→ **Exercise inputs**
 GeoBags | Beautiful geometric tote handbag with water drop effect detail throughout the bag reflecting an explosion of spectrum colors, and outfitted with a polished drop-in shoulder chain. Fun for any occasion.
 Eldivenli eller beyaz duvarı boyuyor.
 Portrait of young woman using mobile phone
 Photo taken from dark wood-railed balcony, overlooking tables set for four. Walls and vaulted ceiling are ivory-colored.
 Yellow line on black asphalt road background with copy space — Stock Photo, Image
==
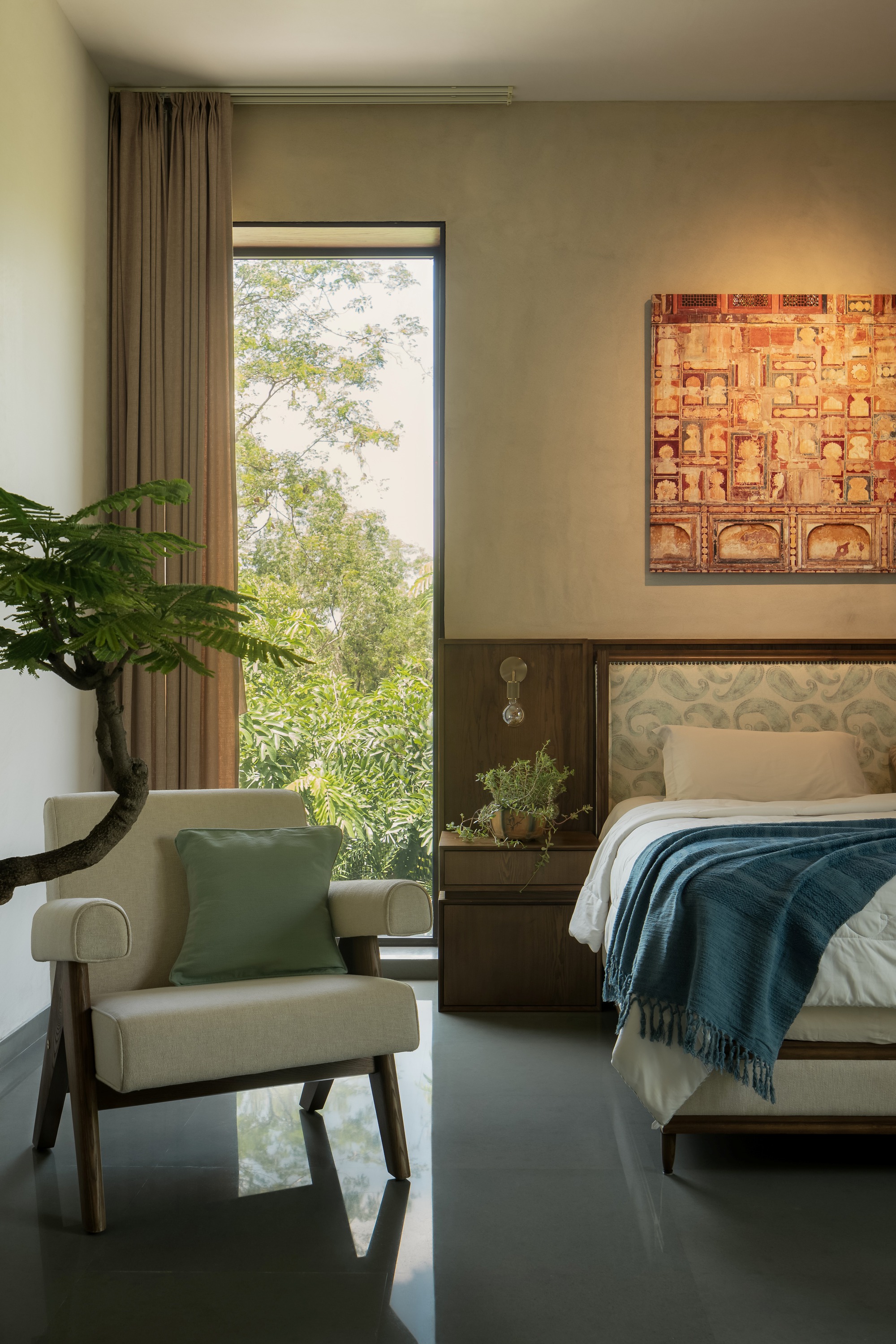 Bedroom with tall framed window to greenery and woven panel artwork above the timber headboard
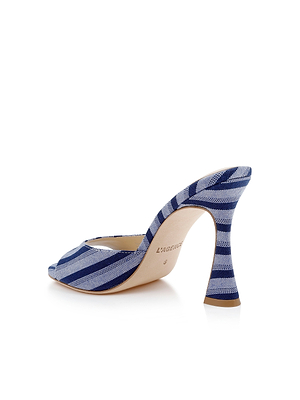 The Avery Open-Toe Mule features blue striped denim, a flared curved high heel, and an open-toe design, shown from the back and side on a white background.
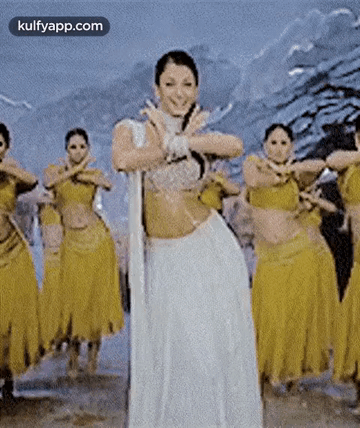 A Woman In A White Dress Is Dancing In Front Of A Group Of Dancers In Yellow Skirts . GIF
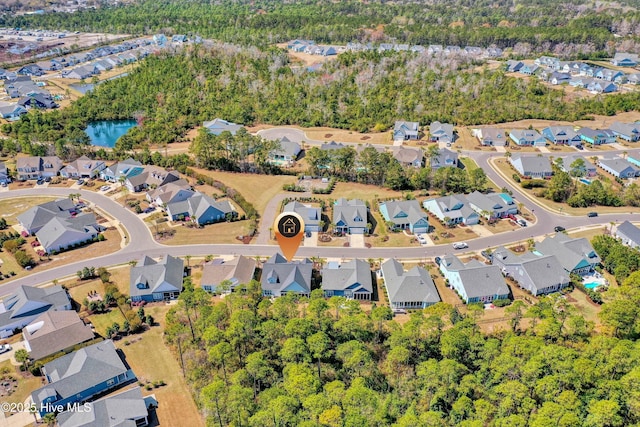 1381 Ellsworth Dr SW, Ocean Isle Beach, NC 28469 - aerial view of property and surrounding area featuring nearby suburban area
---
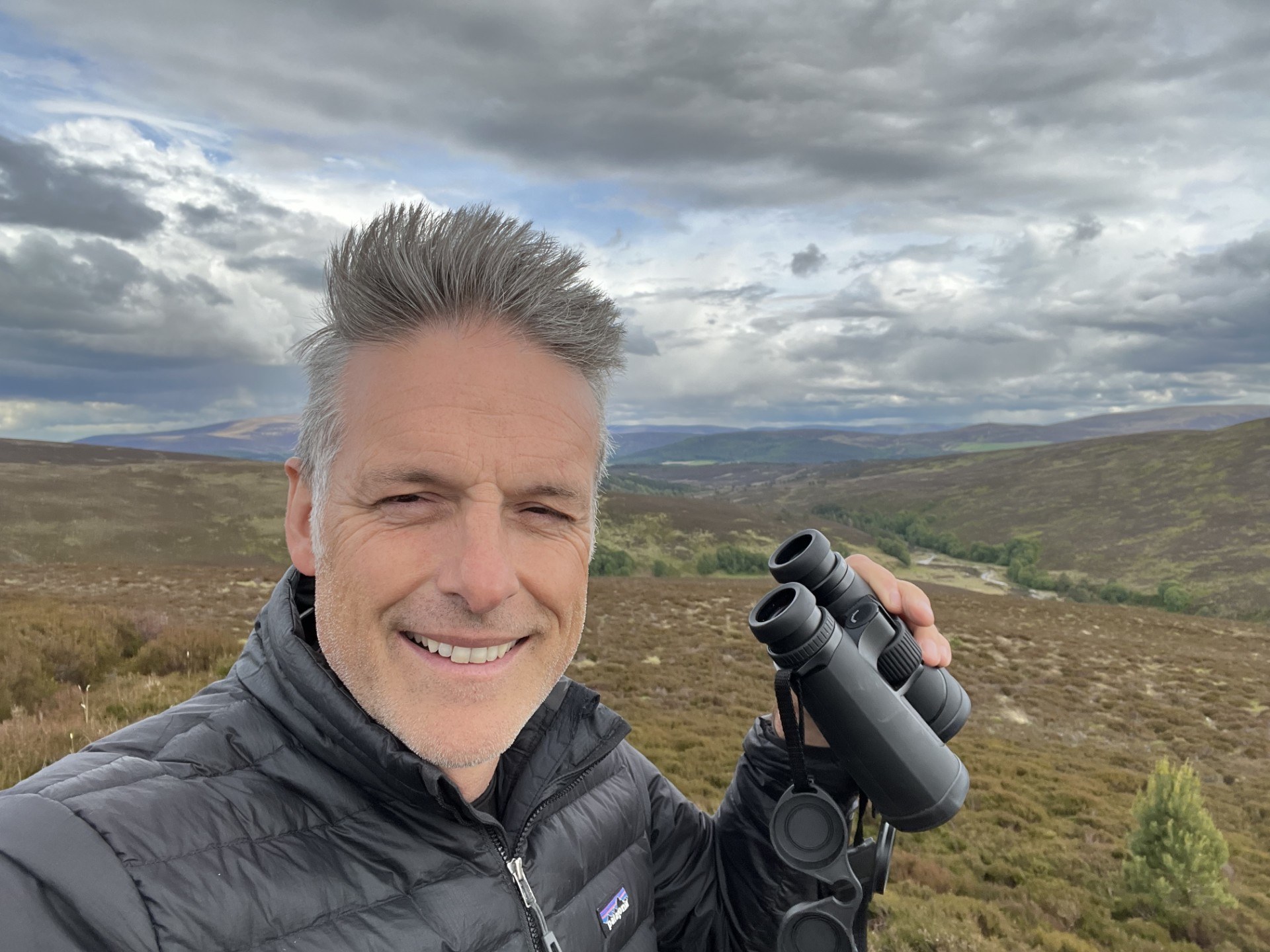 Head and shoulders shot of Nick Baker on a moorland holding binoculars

→ **What the task asks**
Will you return exactly the lines above from the one with "GeoBags | Beautiful" down to the one with "Yellow line on", counting both as part of the range?

→ **Exercise output**
 GeoBags | Beautiful geometric tote handbag with water drop effect detail throughout the bag reflecting an explosion of spectrum colors, and outfitted with a polished drop-in shoulder chain. Fun for any occasion.
 Eldivenli eller beyaz duvarı boyuyor.
 Portrait of young woman using mobile phone
 Photo taken from dark wood-railed balcony, overlooking tables set for four. Walls and vaulted ceiling are ivory-colored.
 Yellow line on black asphalt road background with copy space — Stock Photo, Image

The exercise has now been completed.